Title - 'Music for a Viennese Salon'
Artist - Night Music
Here on the quite uniquely breathtaking Music for a Viennese Salon (out now via AVIE Records), Philadelphia-based period-instrument ensemble Night Music re-creates an afternoon of music making from October 1801 at the Austrian capital’s Palais Arnstein.
Complete with a flamboyant Quintet for flute and strings by Joseph Kraus, a duo by Carl Ditters von Dittersdorf for the unusual combination of viola and double bass, and a chamber arrangement – by the impresario Johann Peter Salomon in the same instrumentation as the Kraus Quintet – it's actually hard to say which culminate in being the most adroit of symphonic surprises once they reach your ears (pun intended, sorry!).
Joseph Martin Kraus (1756 – 1792)
Quintet in D, VB 188, for flute and strings
1. I. Allegro moderato (14.12)
2. II. Largo (7.09)
3. III. Finale: con brio (6.40)
Carl Ditters von Dittersdorf (1739 – 1799)

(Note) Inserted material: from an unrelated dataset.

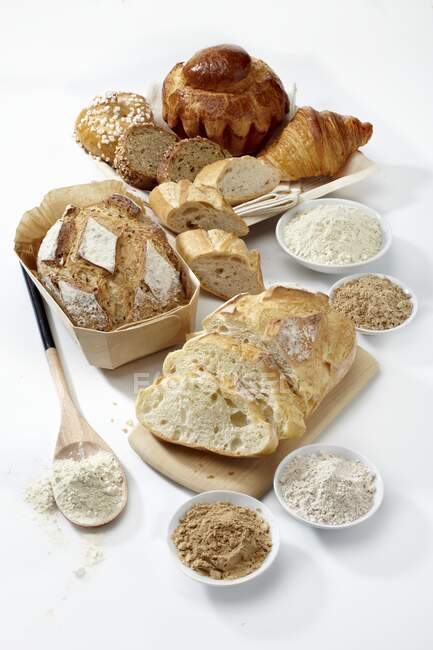 Vários pães orgânicos, brioche, croissant e diferentes tipos de farinha — Fotografia de Stock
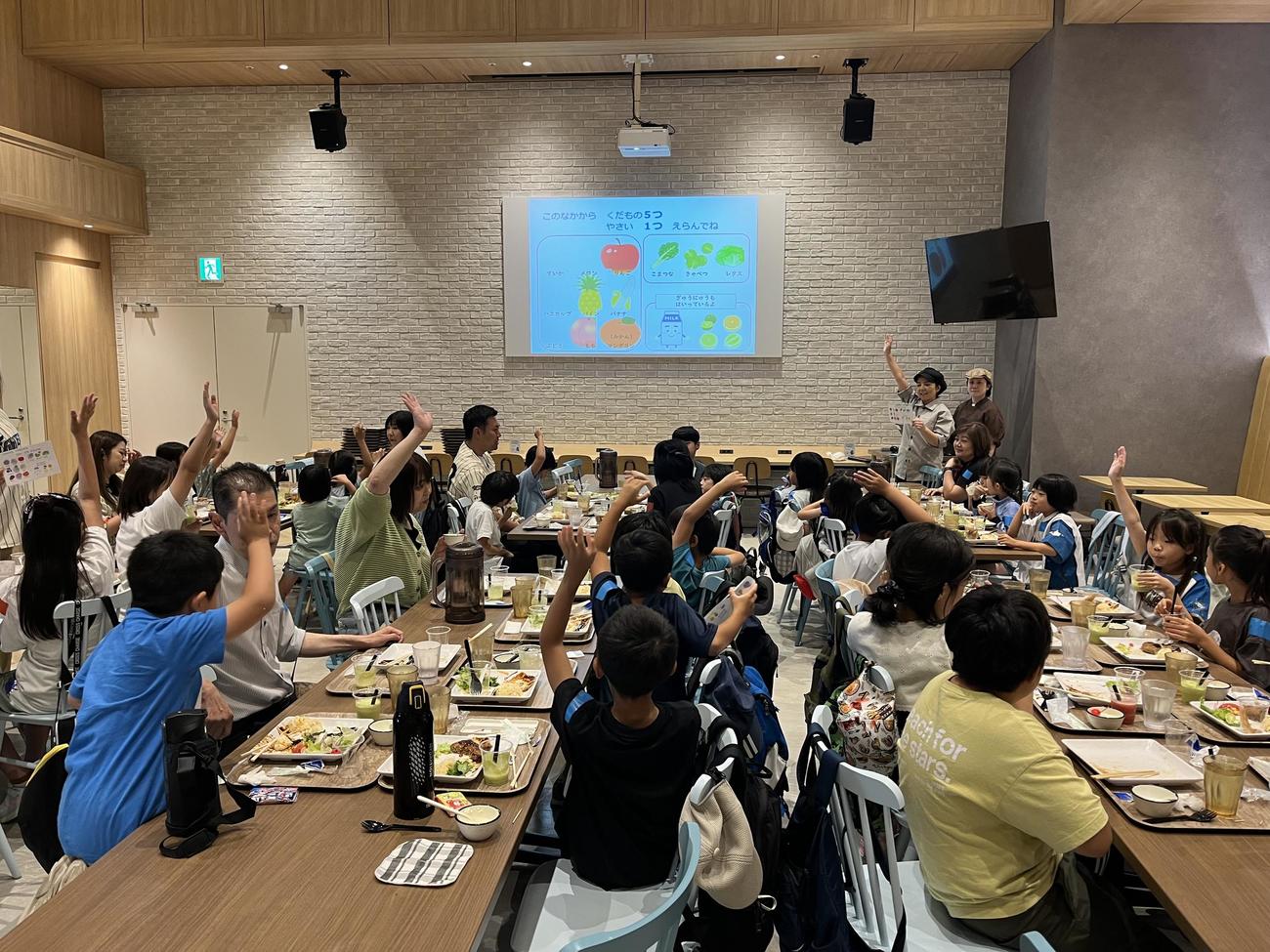 球団職員の食堂で食事をしながらスタッフのクイズにこたえる児童たち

Duetto in E-flat, Kr. 219, for viola and violone
4. I. Allegro (4.40)
5. II. Menuetto I (2.47)
6. III. Adagio (2.47)
7. IV. Menuetto II (2.20)
8. V. Andante: Tema con variazioni (3.33)
Franz Joseph Haydn (1732 – 1809)
Symphony in G, Hob. I:94, “Surprise” (arr. Johann Peter Salomon for flute and strings)
9. I. Adagio – Vivace assai (7.36)
10. II. Andante (6.16)
11. III. Menuetto (4.39)
12. IV. Allegro di molto (4.04)
Recorded back on August 27th, 28th, and 29th, 2018, at the Immanuel Highlands Episcopal Church, Wilmington, Delaware, produced by Erin Banholzer and engineered by Loren Stata, period-instrument ensemble Night Music, quite literally, make these recordings freshly their own here.
Opening with Kraus' 14 minute Allegro moderato, from his Quintet in D, VB 188, for flute and strings, the flighty number is crisply effervescent here, as one could only hope to expect, and yet Night Music seems to ornately cut and run with Kraus' inbred thoughts and wishes for the work almost seamlessly.
Another stand out is the gently foreboding work found within Andante: Tema con variazioni from von Dittersdorf's Duetto in E-flat, Kr. 219, for viola and violone.
Overall not a long work, but with Night Music bringing all his nuances to the fore in such dedicated style, the work is one quite magnificently dulcet beast, that's for sure.
The last one I shall highlight here is the simply breathtaking Adagio – Vivace assai from Haydn's Symphony in G, Hob. I:94, “Surprise” (arr. Johann Peter Salomon for flute and strings).
Running at just under 8 minutes, it is a pure, and unadulterated work of pristine musical art and fully deserves its place (as part of a complete work) here on this expertly arranged new CD from Night Music (via AVIE Records).